Work instructions: All entries must be repeated exactly. No picture should appear in the result.

Task inputs:
--- --- ---

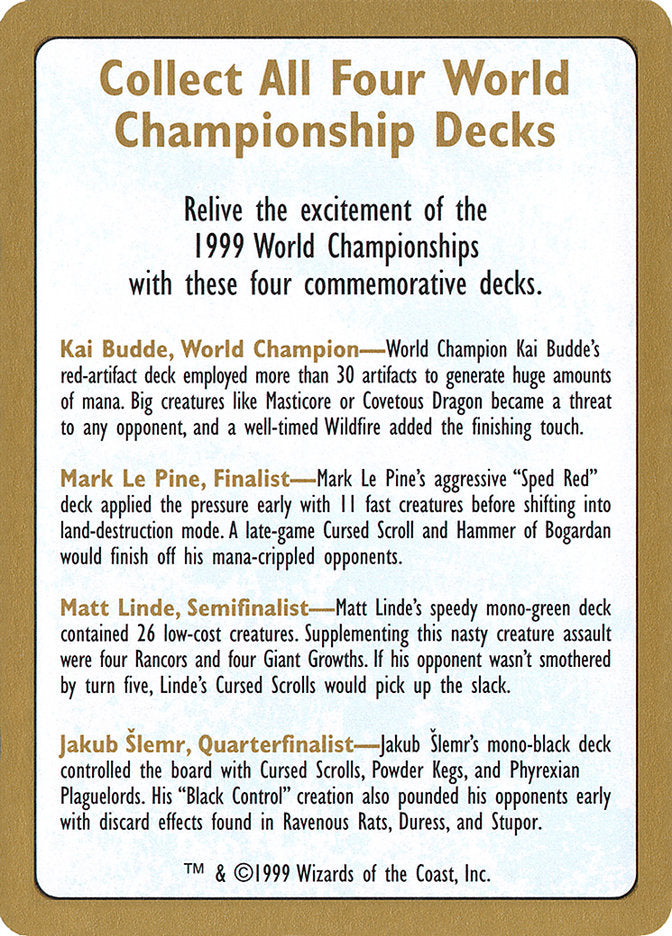 1999 World Championships Ad [World Championship Decks 1999] | Gear Gaming Bentonville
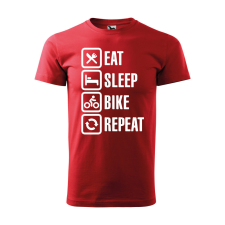 ZSONA DEKOR Póló Eat sleep bike repeat mintával - Piros L méretben egyedi ajándék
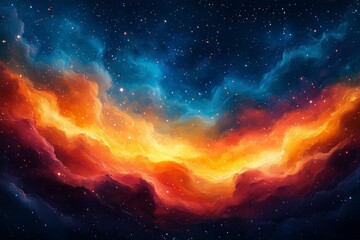 Wall Mural - colorful cosmic nebula with vibrant hues and sparkling stars in a vast night sky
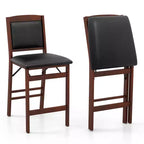 Costway Set of 2 Counter Height Chairs w/ Rubber Wood Legs Padded Seat & Backrest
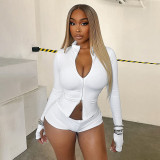 Solid Color Zipper Fashion Three Piece Shorts Set MXBF-J25ST292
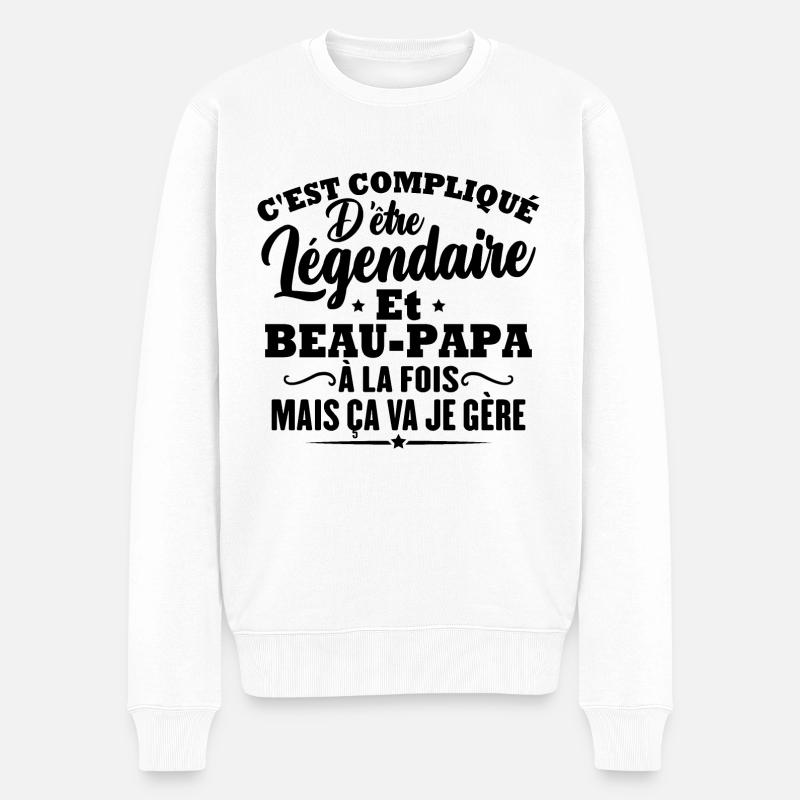 Légendaire et beau papa - Pull Premium bio Homme - blanc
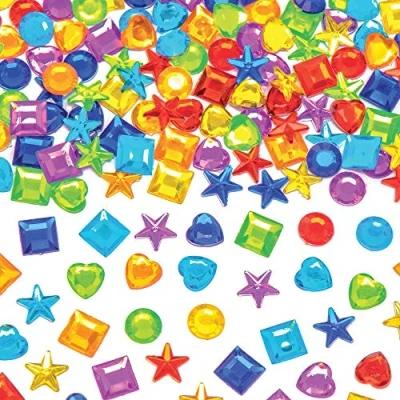 Image of Baker Ross AT706 Rainbow Colours Self Adhesive Acrylic Jewels Pack of 200, Assorted Jewel Sticker Craft Embellishments for Kids Arts and Crafts Decorating
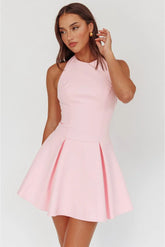 Hailey Halter Fit 'N Flare Mini - Pink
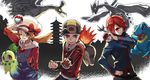  2boys alternate_costume backwards_hat baseball_cap bird black_hair brown_eyes brown_hair chikorita cyndaquil ecruteak_city gen_2_pokemon gold_(pokemon) hair_over_one_eye hat ho-oh holding holding_poke_ball honda_yuita kotone_(pokemon) legendary_pokemon lugia multiple_boys one_eye_closed overalls pagoda poke_ball pokemon pokemon_(creature) pokemon_(game) pokemon_hgss red_eyes red_hair silver_(pokemon) totodile tower twintails 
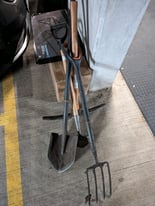 Various Garden Tools - shovel, pickaxe, turning fork, edger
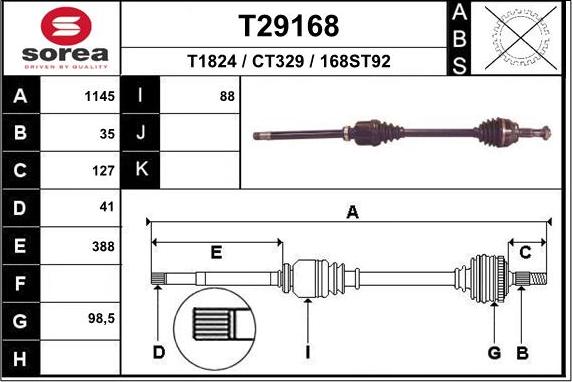 EAI T29168 - Albero motore / Semiasse autozon.pro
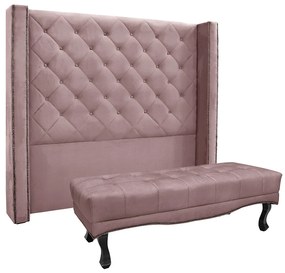 Cabeceira Cama Box Casal 140cm e Recamier Vicenza Veludo Lilás S04 - D'Rossi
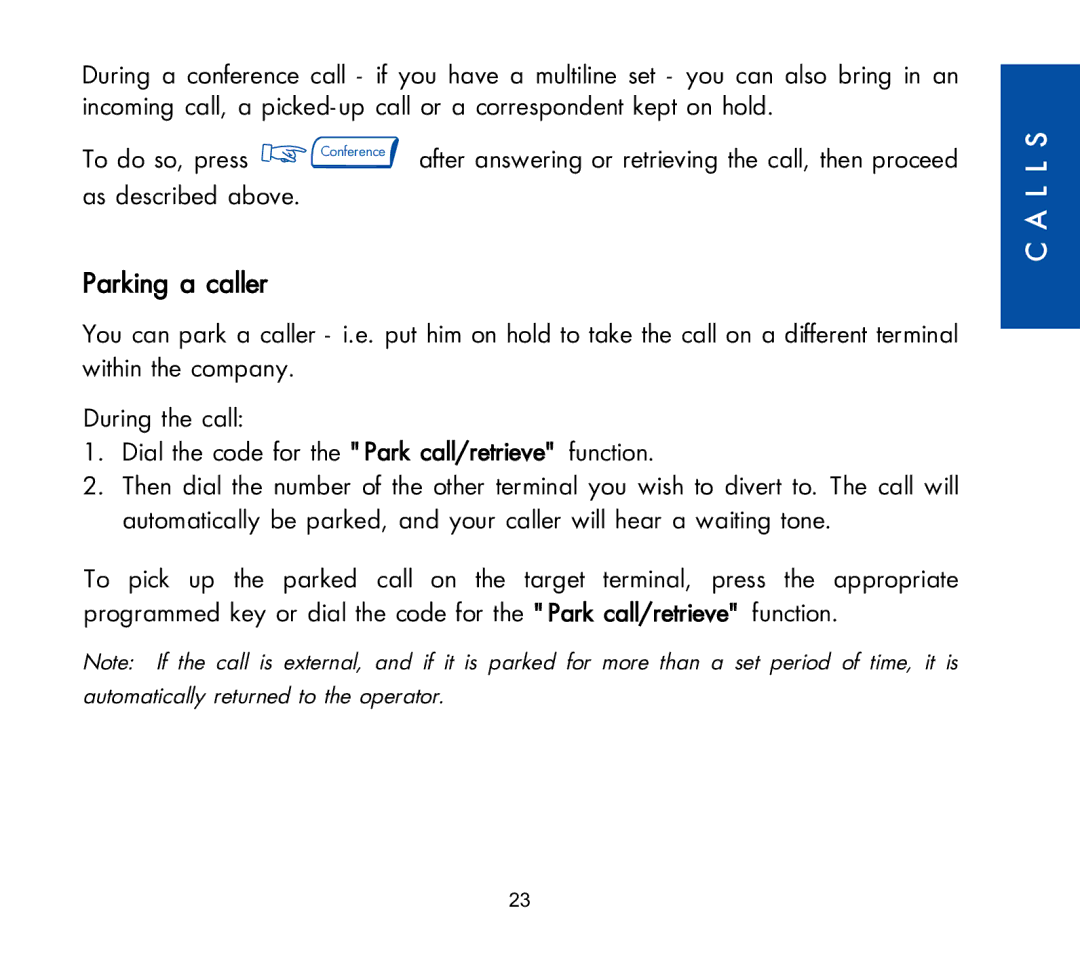 Alcatel Carrier Internetworking Solutions 3AK 19522 manual Parking a caller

--- --- ---

Answer section:
 1999 World Championships Ad [World Championship Decks 1999] | Gear Gaming Bentonville
 ZSONA DEKOR Póló Eat sleep bike repeat mintával - Piros L méretben egyedi ajándék
 Wall Mural - colorful cosmic nebula with vibrant hues and sparkling stars in a vast night sky
 Costway Set of 2 Counter Height Chairs w/ Rubber Wood Legs Padded Seat & Backrest
 Solid Color Zipper Fashion Three Piece Shorts Set MXBF-J25ST292
 Légendaire et beau papa - Pull Premium bio Homme - blanc
 Image of Baker Ross AT706 Rainbow Colours Self Adhesive Acrylic Jewels Pack of 200, Assorted Jewel Sticker Craft Embellishments for Kids Arts and Crafts Decorating
 Hailey Halter Fit 'N Flare Mini - Pink
  2boys alternate_costume backwards_hat baseball_cap bird black_hair brown_eyes brown_hair chikorita cyndaquil ecruteak_city gen_2_pokemon gold_(pokemon) hair_over_one_eye hat ho-oh holding holding_poke_ball honda_yuita kotone_(pokemon) legendary_pokemon lugia multiple_boys one_eye_closed overalls pagoda poke_ball pokemon pokemon_(creature) pokemon_(game) pokemon_hgss red_eyes red_hair silver_(pokemon) totodile tower twintails 
 Various Garden Tools - shovel, pickaxe, turning fork, edger
 EAI T29168 - Albero motore / Semiasse autozon.pro
 Cabeceira Cama Box Casal 140cm e Recamier Vicenza Veludo Lilás S04 - D'Rossi
 Alcatel Carrier Internetworking Solutions 3AK 19522 manual Parking a caller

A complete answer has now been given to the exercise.